= DATA TO PROCESS =
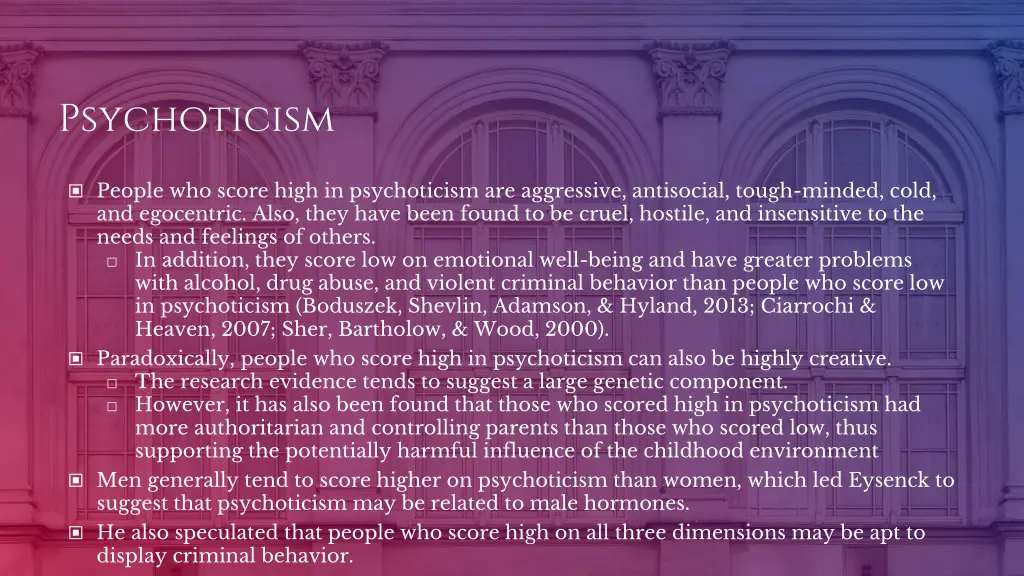 psychoticism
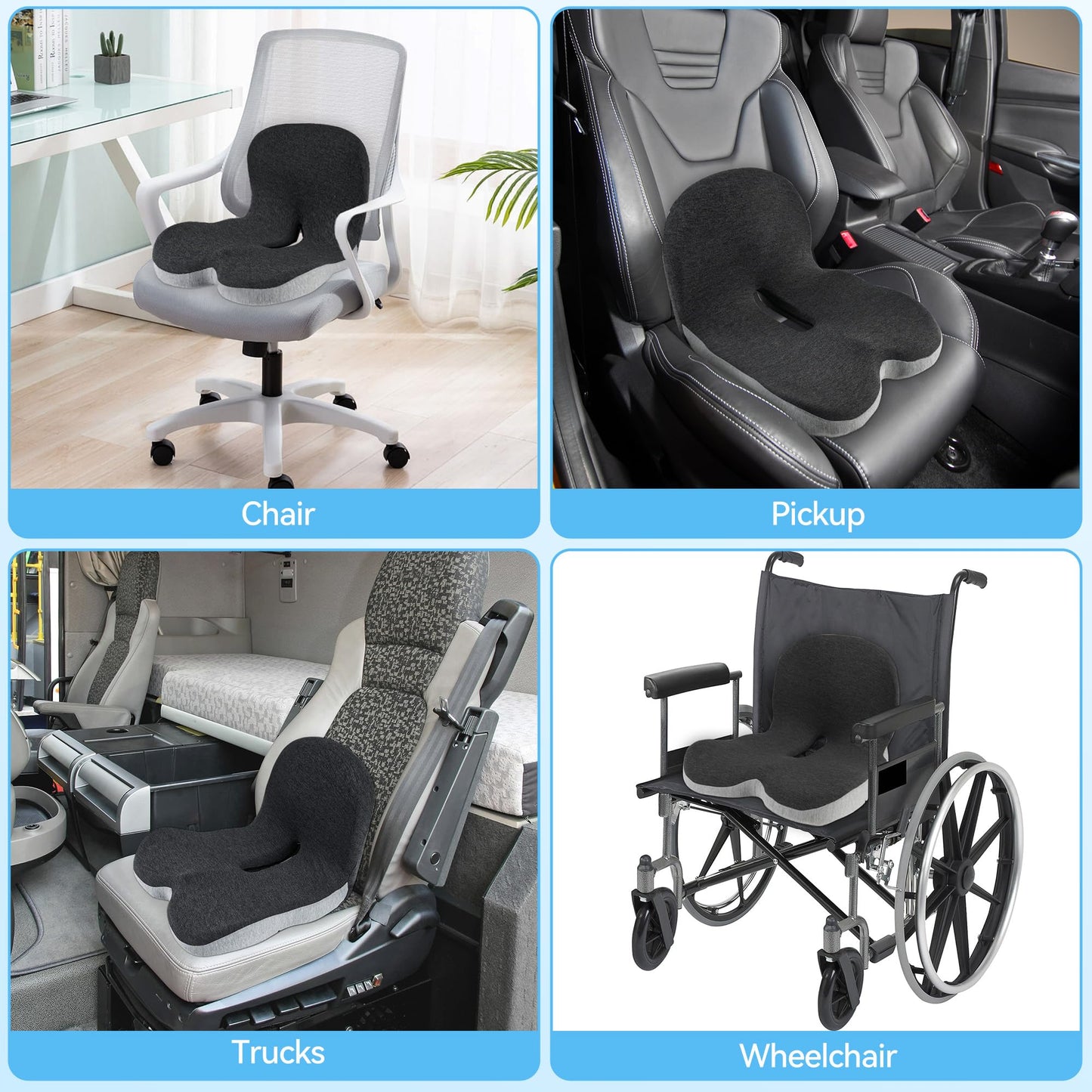 Ergonomisk Kørepude – Maksimal Komfort til Langdistancekørsel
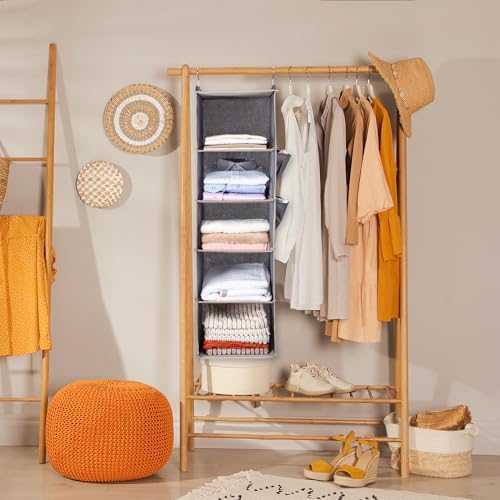 BOOMIBOO Hanging Closet Organize and Shelves，5-Hanging Shelf - Image 3
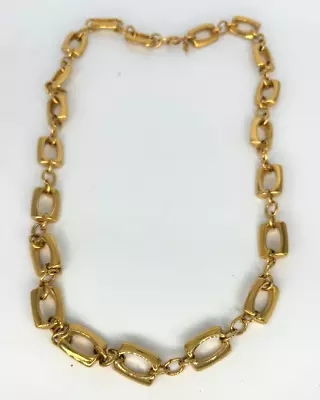 Vintage Trifari Modernist Link Necklace • $19.99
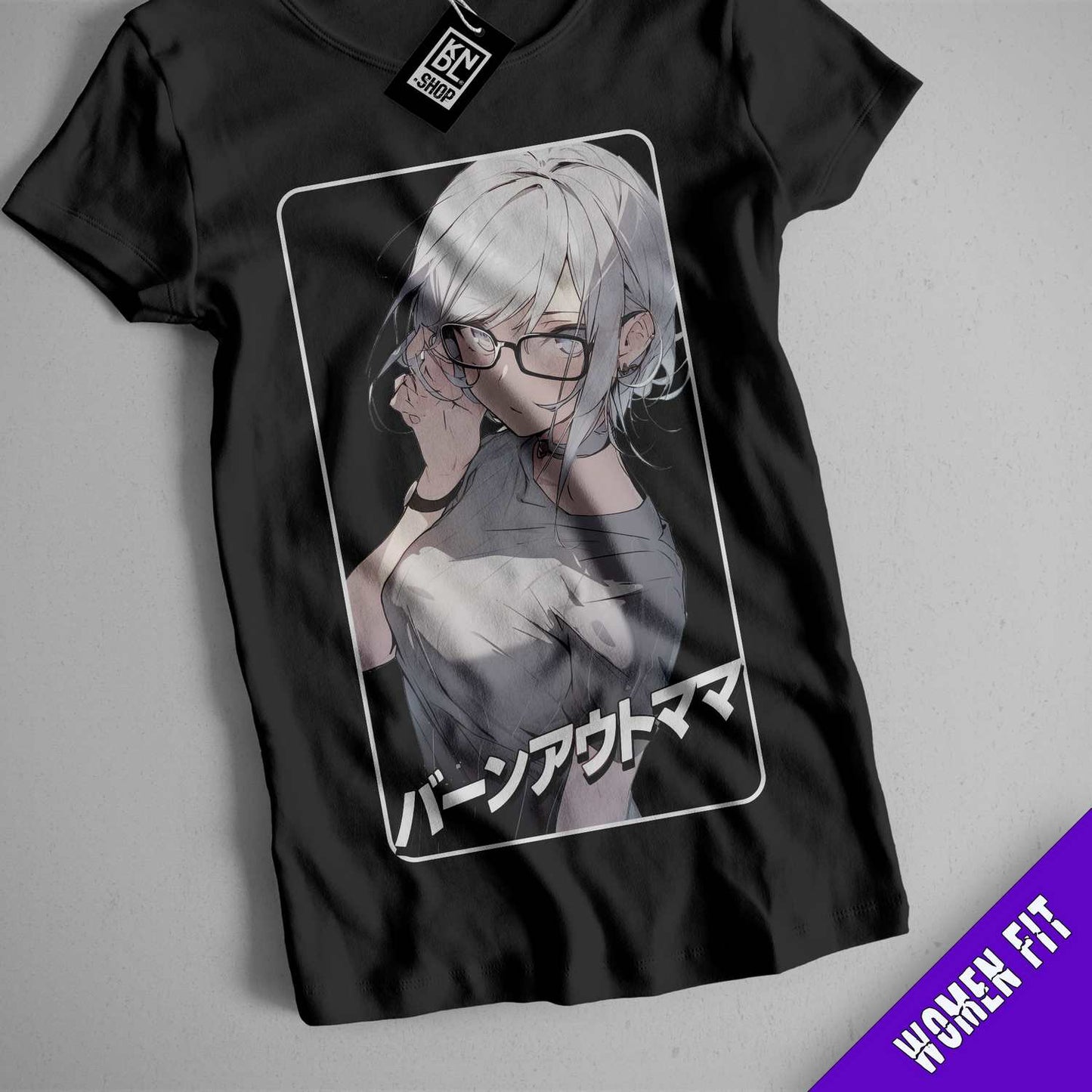 a t - shirt with a picture of an anime character on it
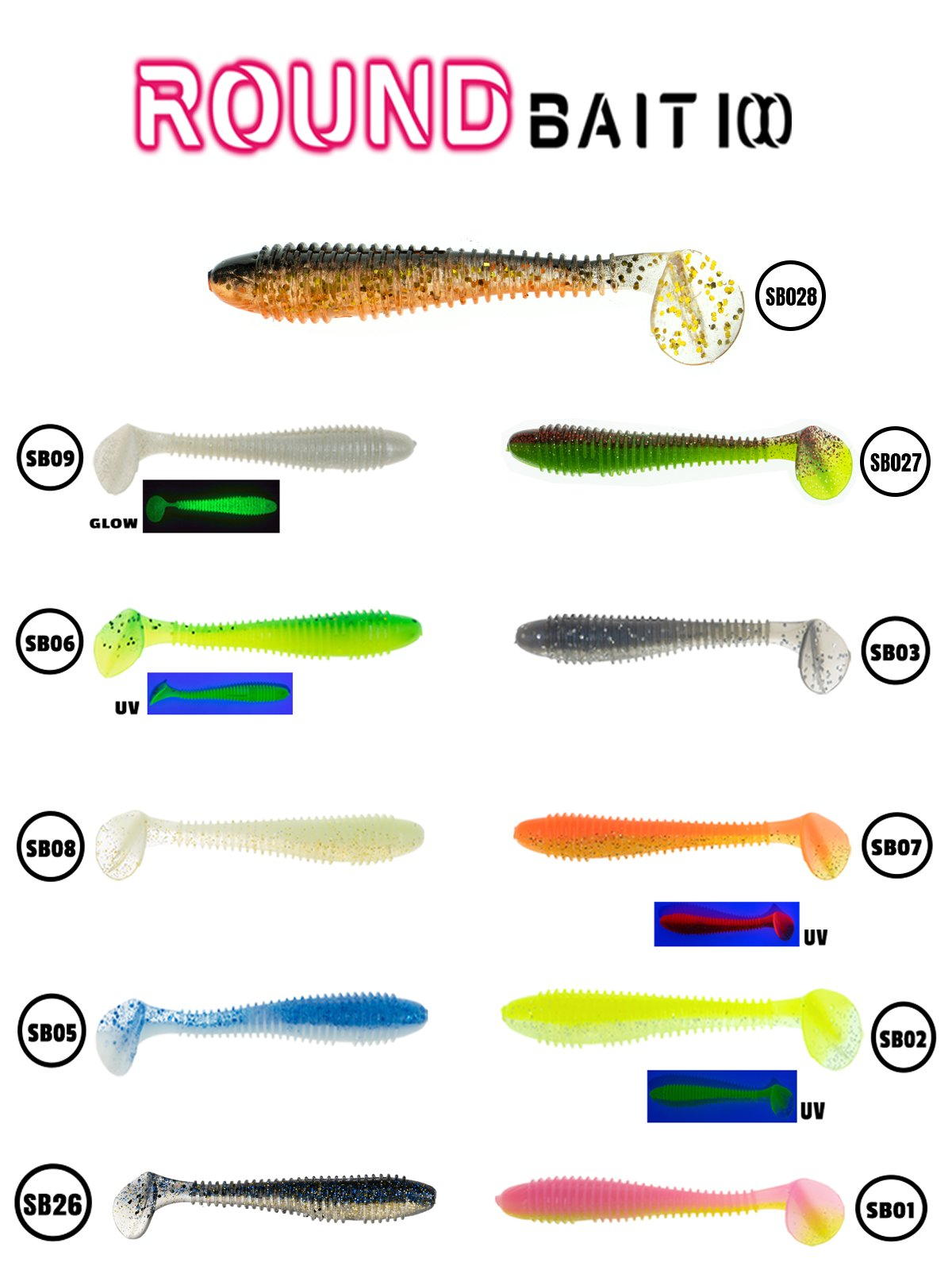 Fujin Round Bait 10cm Silikon Balık 3Pcs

= ASSIGNED TASK =
Would you please print only the lines running from the one with "Vintage Trifari Modernist" to the final line of the entries above, exactly as written and without pictures?

= ANSWER BOX =
 Vintage Trifari Modernist Link Necklace • $19.99
 a t - shirt with a picture of an anime character on it
 Fujin Round Bait 10cm Silikon Balık 3Pcs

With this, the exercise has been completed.